__Exercise directions__
Repeat exactly the line that contains "Brass Micro Pave" and every line after it, down to the last line of the entries below. Do not include pictures.

__Data supplied__
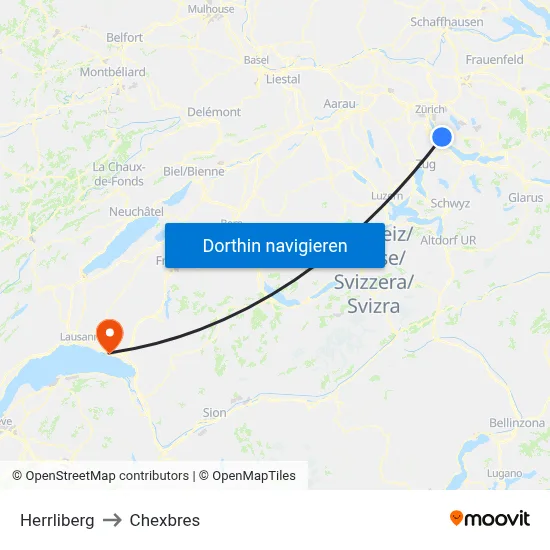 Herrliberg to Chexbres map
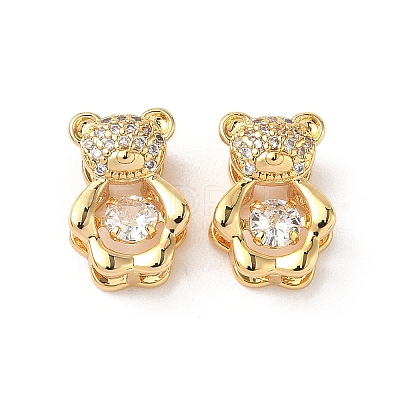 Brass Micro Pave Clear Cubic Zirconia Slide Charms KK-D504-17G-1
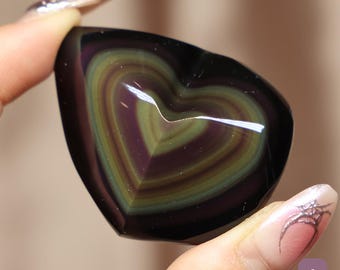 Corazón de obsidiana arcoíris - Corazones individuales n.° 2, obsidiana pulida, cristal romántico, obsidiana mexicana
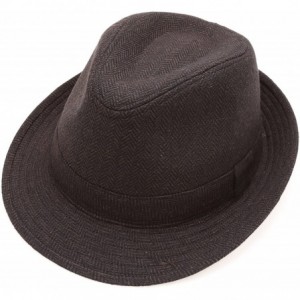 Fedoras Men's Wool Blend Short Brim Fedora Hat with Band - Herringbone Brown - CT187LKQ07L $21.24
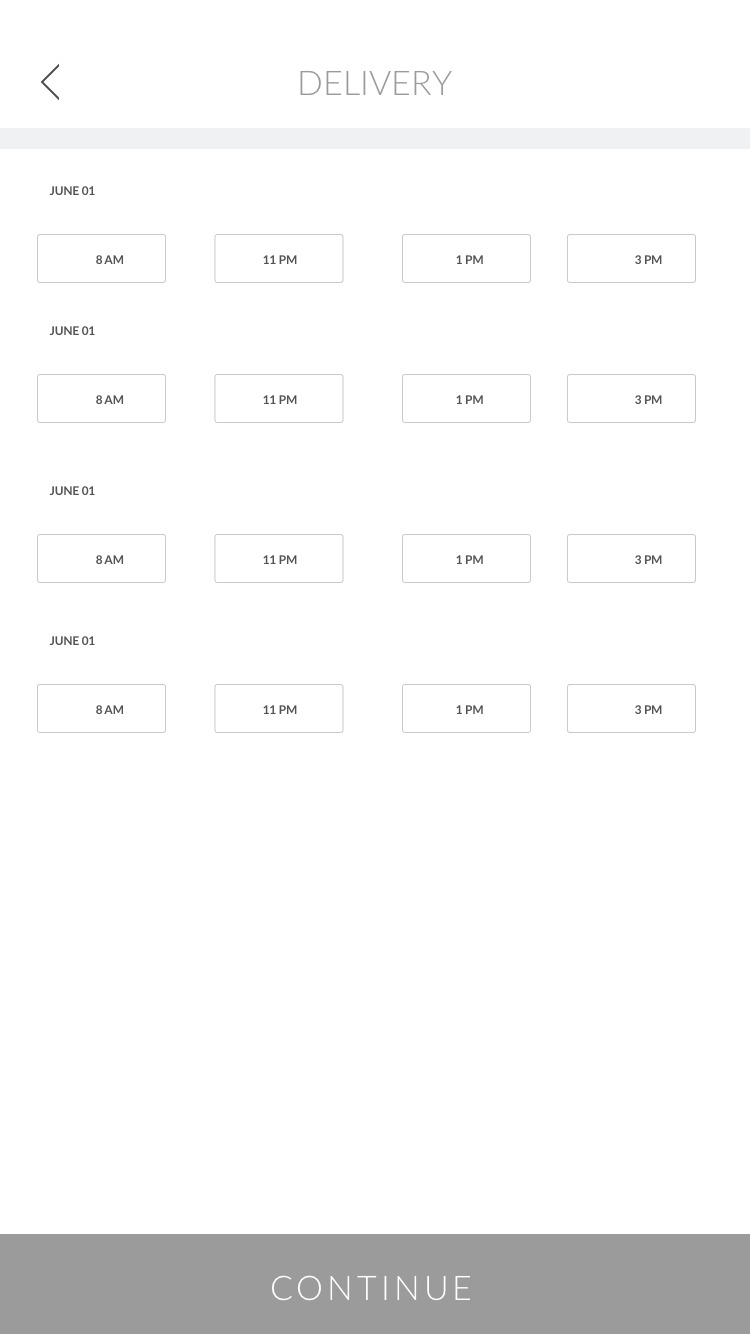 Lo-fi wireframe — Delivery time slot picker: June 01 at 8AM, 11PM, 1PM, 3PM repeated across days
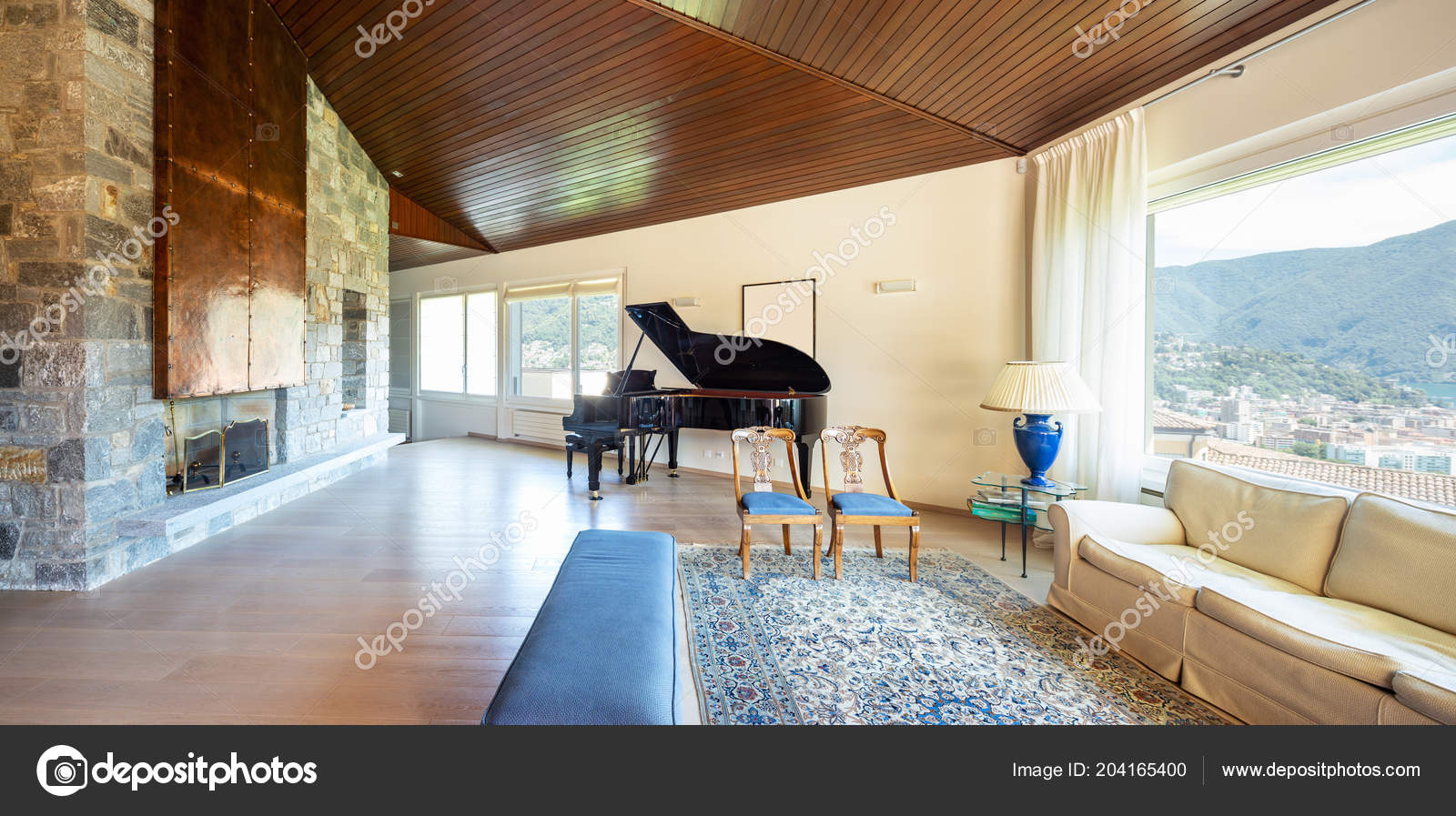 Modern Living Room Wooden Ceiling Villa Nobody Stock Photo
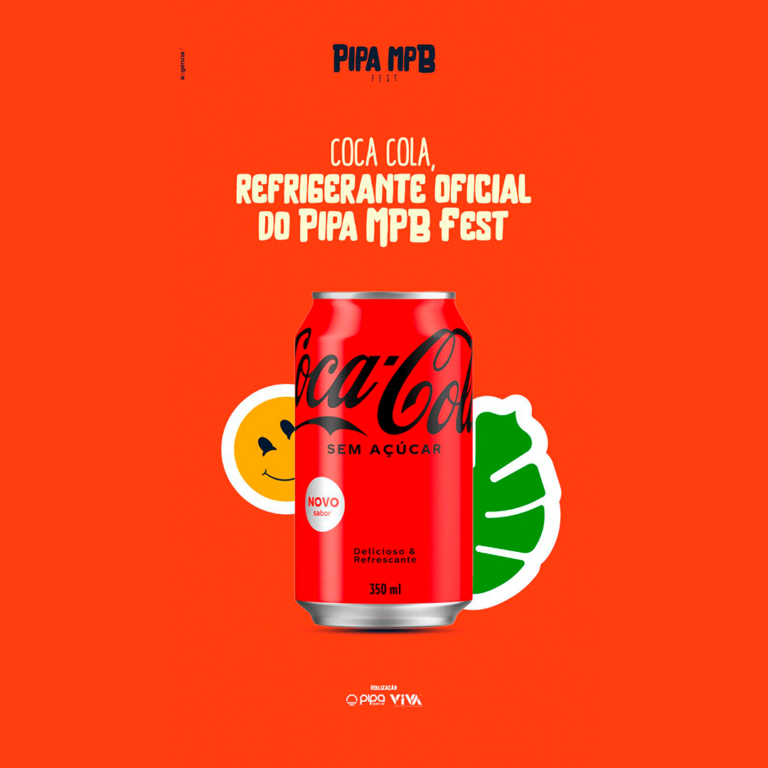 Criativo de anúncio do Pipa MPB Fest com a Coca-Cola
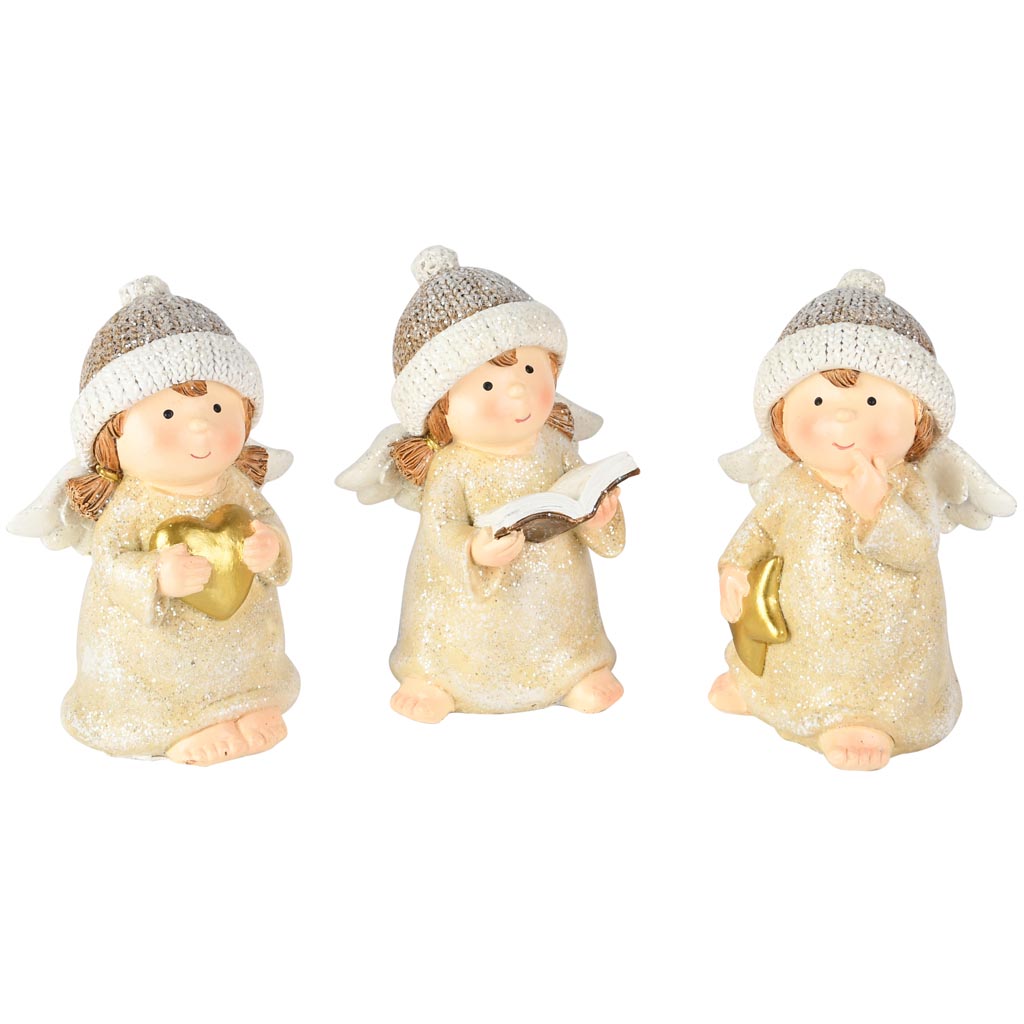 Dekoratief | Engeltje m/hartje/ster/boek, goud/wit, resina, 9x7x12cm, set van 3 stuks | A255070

__Result of this exercise__
 Brass Micro Pave Clear Cubic Zirconia Slide Charms KK-D504-17G-1
 Corazón de obsidiana arcoíris - Corazones individuales n.° 2, obsidiana pulida, cristal romántico, obsidiana mexicana
 Fedoras Men's Wool Blend Short Brim Fedora Hat with Band - Herringbone Brown - CT187LKQ07L $21.24
 Lo-fi wireframe — Delivery time slot picker: June 01 at 8AM, 11PM, 1PM, 3PM repeated across days
 Modern Living Room Wooden Ceiling Villa Nobody Stock Photo
 Criativo de anúncio do Pipa MPB Fest com a Coca-Cola
 Dekoratief | Engeltje m/hartje/ster/boek, goud/wit, resina, 9x7x12cm, set van 3 stuks | A255070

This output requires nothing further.